**TASK INSTRUCTIONS:** Extract, verbatim, all lines starting at the one containing "Used MITSUBISHI LOGISNEXT" and ending with the final line of the listing, and no others.

**DATASET EXTRACT:**
*****
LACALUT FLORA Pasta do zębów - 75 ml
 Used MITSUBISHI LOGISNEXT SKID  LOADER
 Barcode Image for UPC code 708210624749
*****
**RESULT OF THIS EXERCISE:**
 Used MITSUBISHI LOGISNEXT SKID  LOADER
 Barcode Image for UPC code 708210624749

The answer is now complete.